- _What you have to do_:
In the entries below, find the line with "vista aérea panorámica" and the line with "Image of Woman". Return those two lines and all lines between them, exactly.

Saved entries
────────────────
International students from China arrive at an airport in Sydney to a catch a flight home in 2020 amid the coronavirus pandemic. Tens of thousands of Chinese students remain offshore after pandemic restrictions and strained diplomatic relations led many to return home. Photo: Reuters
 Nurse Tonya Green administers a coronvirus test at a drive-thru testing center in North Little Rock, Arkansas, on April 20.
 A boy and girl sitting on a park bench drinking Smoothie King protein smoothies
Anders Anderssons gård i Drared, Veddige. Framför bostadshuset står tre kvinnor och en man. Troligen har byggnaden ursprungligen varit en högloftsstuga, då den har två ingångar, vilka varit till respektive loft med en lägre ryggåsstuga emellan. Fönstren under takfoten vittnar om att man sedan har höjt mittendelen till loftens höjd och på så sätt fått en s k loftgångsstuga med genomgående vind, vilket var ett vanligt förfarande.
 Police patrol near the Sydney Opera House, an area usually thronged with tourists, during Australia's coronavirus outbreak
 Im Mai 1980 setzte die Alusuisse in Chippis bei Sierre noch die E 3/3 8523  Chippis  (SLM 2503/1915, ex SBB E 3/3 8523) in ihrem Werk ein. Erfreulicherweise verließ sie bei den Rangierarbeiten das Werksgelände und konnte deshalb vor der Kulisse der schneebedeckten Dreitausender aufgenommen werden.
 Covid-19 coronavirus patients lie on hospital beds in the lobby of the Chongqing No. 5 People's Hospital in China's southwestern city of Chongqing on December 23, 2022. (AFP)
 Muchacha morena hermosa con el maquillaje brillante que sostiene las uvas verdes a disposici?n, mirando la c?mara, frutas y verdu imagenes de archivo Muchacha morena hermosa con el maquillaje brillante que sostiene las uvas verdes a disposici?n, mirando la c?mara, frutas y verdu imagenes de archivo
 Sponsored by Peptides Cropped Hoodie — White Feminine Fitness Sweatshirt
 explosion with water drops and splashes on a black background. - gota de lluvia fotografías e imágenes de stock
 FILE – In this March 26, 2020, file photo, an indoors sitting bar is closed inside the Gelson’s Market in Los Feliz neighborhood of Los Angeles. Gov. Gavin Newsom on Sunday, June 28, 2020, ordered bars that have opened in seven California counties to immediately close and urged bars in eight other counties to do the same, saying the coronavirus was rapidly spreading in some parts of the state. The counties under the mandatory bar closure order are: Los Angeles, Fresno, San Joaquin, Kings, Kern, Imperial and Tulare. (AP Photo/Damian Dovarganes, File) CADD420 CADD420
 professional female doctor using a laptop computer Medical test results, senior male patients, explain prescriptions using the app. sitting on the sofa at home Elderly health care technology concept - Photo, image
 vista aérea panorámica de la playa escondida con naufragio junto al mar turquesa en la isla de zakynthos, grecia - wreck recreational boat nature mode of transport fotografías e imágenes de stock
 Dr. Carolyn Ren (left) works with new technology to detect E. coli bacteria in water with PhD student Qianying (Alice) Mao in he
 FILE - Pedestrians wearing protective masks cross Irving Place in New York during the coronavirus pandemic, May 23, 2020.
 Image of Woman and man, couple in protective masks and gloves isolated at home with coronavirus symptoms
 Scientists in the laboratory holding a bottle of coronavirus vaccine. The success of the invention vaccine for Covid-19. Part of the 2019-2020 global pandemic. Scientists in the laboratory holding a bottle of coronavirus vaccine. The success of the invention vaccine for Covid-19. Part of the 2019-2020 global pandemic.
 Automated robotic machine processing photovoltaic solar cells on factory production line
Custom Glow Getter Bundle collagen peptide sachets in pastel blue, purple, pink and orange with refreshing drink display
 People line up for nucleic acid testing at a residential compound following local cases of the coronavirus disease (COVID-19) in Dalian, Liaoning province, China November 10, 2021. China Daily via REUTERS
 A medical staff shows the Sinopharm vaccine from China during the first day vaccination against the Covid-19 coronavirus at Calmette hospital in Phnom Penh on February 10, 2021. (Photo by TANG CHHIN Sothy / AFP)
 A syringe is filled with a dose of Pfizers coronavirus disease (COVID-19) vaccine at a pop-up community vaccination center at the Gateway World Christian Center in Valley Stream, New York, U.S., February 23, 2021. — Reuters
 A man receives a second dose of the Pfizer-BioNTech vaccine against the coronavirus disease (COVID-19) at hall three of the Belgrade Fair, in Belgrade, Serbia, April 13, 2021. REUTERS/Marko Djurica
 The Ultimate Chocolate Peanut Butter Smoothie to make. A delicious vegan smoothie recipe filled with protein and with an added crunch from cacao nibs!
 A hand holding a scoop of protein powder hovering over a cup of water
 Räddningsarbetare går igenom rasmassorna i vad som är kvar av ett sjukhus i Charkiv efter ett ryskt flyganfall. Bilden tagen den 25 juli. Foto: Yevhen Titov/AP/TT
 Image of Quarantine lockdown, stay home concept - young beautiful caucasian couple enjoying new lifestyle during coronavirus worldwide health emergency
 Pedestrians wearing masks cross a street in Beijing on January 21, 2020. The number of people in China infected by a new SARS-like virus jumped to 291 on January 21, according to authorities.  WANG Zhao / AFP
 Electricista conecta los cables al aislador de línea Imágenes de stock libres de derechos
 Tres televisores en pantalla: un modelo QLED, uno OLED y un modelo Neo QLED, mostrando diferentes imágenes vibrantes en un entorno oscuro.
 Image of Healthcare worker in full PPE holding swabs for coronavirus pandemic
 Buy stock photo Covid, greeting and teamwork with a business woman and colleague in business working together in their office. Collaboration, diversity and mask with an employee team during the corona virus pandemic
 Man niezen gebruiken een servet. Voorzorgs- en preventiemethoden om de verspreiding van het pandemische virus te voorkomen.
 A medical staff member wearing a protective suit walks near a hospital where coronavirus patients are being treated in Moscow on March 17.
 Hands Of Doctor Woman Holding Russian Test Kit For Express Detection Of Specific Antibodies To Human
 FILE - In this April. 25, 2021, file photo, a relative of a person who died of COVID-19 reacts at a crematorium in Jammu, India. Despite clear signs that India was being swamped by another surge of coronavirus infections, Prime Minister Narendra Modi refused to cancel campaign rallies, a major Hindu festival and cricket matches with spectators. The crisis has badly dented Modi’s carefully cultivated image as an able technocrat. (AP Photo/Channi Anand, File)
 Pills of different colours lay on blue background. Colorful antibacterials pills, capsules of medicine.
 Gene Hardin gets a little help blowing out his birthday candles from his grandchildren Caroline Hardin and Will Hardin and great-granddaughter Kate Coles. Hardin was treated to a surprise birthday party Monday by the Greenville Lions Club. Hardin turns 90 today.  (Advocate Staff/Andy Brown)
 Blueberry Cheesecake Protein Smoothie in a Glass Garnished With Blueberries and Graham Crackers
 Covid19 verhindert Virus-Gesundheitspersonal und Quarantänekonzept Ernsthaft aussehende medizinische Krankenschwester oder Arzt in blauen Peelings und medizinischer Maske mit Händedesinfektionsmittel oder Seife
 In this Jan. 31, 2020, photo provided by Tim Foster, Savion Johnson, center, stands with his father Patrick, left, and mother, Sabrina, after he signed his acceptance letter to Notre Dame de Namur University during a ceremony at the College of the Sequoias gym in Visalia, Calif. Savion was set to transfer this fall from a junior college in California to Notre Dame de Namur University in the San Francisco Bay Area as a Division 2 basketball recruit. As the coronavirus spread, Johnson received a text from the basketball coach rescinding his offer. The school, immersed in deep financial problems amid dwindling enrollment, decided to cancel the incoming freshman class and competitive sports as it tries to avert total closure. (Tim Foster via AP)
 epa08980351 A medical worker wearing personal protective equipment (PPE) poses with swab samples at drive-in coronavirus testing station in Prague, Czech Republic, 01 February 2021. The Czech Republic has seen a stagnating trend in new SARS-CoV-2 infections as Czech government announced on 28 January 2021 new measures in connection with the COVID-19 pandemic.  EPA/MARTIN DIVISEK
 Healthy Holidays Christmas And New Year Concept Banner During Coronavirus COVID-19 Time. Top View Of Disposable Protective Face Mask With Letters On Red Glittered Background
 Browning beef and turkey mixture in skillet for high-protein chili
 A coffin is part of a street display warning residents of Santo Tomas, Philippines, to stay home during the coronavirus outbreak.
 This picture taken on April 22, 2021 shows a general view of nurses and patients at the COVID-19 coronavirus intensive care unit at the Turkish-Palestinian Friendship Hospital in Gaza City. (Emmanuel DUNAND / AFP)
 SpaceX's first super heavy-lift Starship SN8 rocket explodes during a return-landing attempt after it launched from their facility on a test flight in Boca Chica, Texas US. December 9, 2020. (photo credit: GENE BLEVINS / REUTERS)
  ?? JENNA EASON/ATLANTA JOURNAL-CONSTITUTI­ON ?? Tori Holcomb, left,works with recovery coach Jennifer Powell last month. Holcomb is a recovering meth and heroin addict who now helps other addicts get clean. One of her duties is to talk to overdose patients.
────────────────
- _Task solution_:
 vista aérea panorámica de la playa escondida con naufragio junto al mar turquesa en la isla de zakynthos, grecia - wreck recreational boat nature mode of transport fotografías e imágenes de stock
 Dr. Carolyn Ren (left) works with new technology to detect E. coli bacteria in water with PhD student Qianying (Alice) Mao in he
 FILE - Pedestrians wearing protective masks cross Irving Place in New York during the coronavirus pandemic, May 23, 2020.
 Image of Woman and man, couple in protective masks and gloves isolated at home with coronavirus symptoms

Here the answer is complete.